Video-LLaMA: An Instruction-tuned Audio-Visual Language Model for Video Understanding

This is the repo for the Video-LLaMA project, which is working on empowering large language models with video and audio understanding capabilities.

News

[08.03] NOTE: Release the LLaMA-2-Chat version of Video-LLaMA, including its pre-trained and instruction-tuned checkpoints. We uploaded full weights on Huggingface (7B-Pretrained,7B-Finetuned,13B-Pretrained,13B-Finetuned), just for your convenience and secondary development. Welcome to try.
[06.14] NOTE: the current online interactive demo is primarily for English chatting and it may NOT be a good option to ask Chinese questions since Vicuna/LLaMA does not represent Chinese texts very well.
[06.13] NOTE: the audio support is ONLY for Vicuna-7B by now although we have several VL checkpoints available for other decoders.
[06.10] NOTE: we have NOT updated the HF demo yet because the whole framework (with audio branch) cannot run normally on A10-24G. The current running demo is still the previous version of Video-LLaMA. We will fix this issue soon.
[06.08] 🚀🚀 Release the checkpoints of the audio-supported Video-LLaMA. Documentation and example outputs are also updated.
[05.22] 🚀🚀 Interactive demo online, try our Video-LLaMA (with Vicuna-7B as language decoder) at Hugging Face and ModelScope!!
[05.22] ⭐️ Release Video-LLaMA v2 built with Vicuna-7B
[05.18] 🚀🚀 Support video-grounded chat in Chinese
- Video-LLaMA-BiLLA: we introduce BiLLa-7B as language decoder and fine-tune the video-language aligned model (i.e., stage 1 model) with machine-translated VideoChat instructions.
- Video-LLaMA-Ziya: same with Video-LLaMA-BiLLA but the language decoder is changed to Ziya-13B.
[05.18] ⭐️ Create a Hugging Face repo to store the model weights of all the variants of our Video-LLaMA.
[05.15] ⭐️ Release Video-LLaMA v2: we use the training data provided by VideoChat to further enhance the instruction-following capability of Video-LLaMA.
[05.07] Release the initial version of Video-LLaMA, including its pre-trained and instruction-tuned checkpoints.

Introduction

Video-LLaMA is built on top of BLIP-2 and MiniGPT-4. It is composed of two core components: (1) Vision-Language (VL) Branch and (2) Audio-Language (AL) Branch.
- VL Branch (Visual encoder: ViT-G/14 + BLIP-2 Q-Former)
  - A two-layer video Q-Former and a frame embedding layer (applied to the embeddings of each frame) are introduced to compute video representations.
  - We train VL Branch on the Webvid-2M video caption dataset with a video-to-text generation task.

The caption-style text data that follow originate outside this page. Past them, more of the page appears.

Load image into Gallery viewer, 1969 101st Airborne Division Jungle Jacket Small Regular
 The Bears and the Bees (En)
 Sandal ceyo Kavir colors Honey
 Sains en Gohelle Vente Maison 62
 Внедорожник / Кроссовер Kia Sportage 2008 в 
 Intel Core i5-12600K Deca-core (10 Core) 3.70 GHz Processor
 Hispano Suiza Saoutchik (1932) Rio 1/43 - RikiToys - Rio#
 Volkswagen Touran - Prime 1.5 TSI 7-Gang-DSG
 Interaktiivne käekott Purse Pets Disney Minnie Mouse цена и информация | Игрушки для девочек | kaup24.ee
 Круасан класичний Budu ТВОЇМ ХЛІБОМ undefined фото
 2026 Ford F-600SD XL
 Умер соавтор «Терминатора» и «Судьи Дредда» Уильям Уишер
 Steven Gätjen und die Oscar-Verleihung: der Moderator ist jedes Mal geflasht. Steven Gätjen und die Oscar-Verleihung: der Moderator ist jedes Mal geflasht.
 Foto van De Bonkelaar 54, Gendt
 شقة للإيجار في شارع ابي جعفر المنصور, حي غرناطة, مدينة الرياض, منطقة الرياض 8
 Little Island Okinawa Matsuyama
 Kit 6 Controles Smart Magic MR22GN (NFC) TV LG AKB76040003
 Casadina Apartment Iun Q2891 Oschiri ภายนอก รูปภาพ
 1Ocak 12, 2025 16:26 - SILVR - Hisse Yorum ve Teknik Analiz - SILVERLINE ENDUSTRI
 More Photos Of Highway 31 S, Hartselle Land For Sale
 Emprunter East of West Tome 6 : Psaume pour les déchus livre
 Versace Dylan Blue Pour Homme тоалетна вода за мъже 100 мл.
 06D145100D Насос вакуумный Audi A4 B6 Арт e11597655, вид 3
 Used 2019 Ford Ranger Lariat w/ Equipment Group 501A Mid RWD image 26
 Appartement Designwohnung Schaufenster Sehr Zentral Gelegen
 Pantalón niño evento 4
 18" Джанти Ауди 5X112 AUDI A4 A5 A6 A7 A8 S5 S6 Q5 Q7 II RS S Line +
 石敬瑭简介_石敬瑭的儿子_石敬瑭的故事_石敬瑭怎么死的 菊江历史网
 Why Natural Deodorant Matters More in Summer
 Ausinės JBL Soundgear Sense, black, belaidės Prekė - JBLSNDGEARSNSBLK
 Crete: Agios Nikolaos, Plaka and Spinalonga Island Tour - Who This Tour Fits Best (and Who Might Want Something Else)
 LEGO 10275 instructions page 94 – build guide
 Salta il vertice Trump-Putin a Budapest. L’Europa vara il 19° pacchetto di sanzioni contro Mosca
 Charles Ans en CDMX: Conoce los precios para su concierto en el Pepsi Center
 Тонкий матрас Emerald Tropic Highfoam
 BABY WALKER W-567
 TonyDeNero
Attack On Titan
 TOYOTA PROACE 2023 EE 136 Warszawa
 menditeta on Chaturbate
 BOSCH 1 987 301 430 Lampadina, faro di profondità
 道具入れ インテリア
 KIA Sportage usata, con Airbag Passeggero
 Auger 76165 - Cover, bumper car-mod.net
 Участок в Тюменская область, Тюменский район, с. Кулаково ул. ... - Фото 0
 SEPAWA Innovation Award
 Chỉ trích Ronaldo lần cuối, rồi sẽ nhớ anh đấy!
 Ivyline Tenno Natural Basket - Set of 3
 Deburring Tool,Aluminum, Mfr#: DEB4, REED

We also add image-text pairs (~595K image captions from LLaVA) into the pre-training dataset to enhance the understanding of static visual concepts.
  - After pre-training, we further fine-tune our VL Branch using the instruction-tuning data from MiniGPT-4, LLaVA and VideoChat.
- AL Branch (Audio encoder: ImageBind-Huge)
  - A two-layer audio Q-Former and a audio segment embedding layer (applied to the embedding of each audio segment) are introduced to compute audio representations.
  - As the used audio encoder (i.e., ImageBind) is already aligned across multiple modalities, we train AL Branch on video/image instrucaption data only, just to connect the output of ImageBind to language decoder.
Note that only the Video/Audio Q-Former, positional embedding layers and the linear layers are trainable during cross-modal training.

Example Outputs

Video with background sound

Video without sound effects
Static image

Pre-trained & Fine-tuned Checkpoints

The following checkpoints store learnable parameters (positional embedding layers, Video/Audio Q-former and linear projection layers) only.

Vision-Language Branch

Checkpoint	Link	Note
pretrain-vicuna7b	link	Pre-trained on WebVid (2.5M video-caption pairs) and LLaVA-CC3M (595k image-caption pairs)
finetune-vicuna7b-v2	link	Fine-tuned on the instruction-tuning data from MiniGPT-4, LLaVA and VideoChat
pretrain-vicuna13b	link	Pre-trained on WebVid (2.5M video-caption pairs) and LLaVA-CC3M (595k image-caption pairs)
finetune-vicuna13b-v2	link	Fine-tuned on the instruction-tuning data from MiniGPT-4, LLaVA and VideoChat
pretrain-ziya13b-zh	link	Pre-trained with Chinese LLM Ziya-13B
finetune-ziya13b-zh	link	Fine-tuned on machine-translated VideoChat instruction-following dataset (in Chinese)
pretrain-billa7b-zh	link	Pre-trained with Chinese LLM BiLLA-7B
finetune-billa7b-zh	link	Fine-tuned on machine-translated VideoChat instruction-following dataset (in Chinese)

Audio-Language Branch

Checkpoint	Link	Note
pretrain-vicuna7b	link	Pre-trained on WebVid (2.5M video-caption pairs) and LLaVA-CC3M (595k image-caption pairs)
finetune-vicuna7b-v2	link	Fine-tuned on the instruction-tuning data from MiniGPT-4, LLaVA and VideoChat

Usage

Enviroment Preparation

First, install ffmpeg.

apt update
apt install ffmpeg

Then, create a conda environment:

conda env create -f environment.yml
conda activate videollama

Prerequisites

Before using the repository, make sure you have obtained the following checkpoints:

Pre-trained Language Decoder

Get the original LLaMA weights in the Hugging Face format by following the instructions here.
Download Vicuna delta weights :point_right: [7B][13B] (Note: we use v0 weights instead of v1.1 weights).
Use the following command to add delta weights to the original LLaMA weights to obtain the Vicuna weights:

python apply_delta.py \
    --base /path/to/llama-13b \
    --target /output/path/to/vicuna-13b --delta /path/to/vicuna-13b-delta

Pre-trained Visual Encoder in Vision-Language Branch

Download the MiniGPT-4 model (trained linear layer) from this link.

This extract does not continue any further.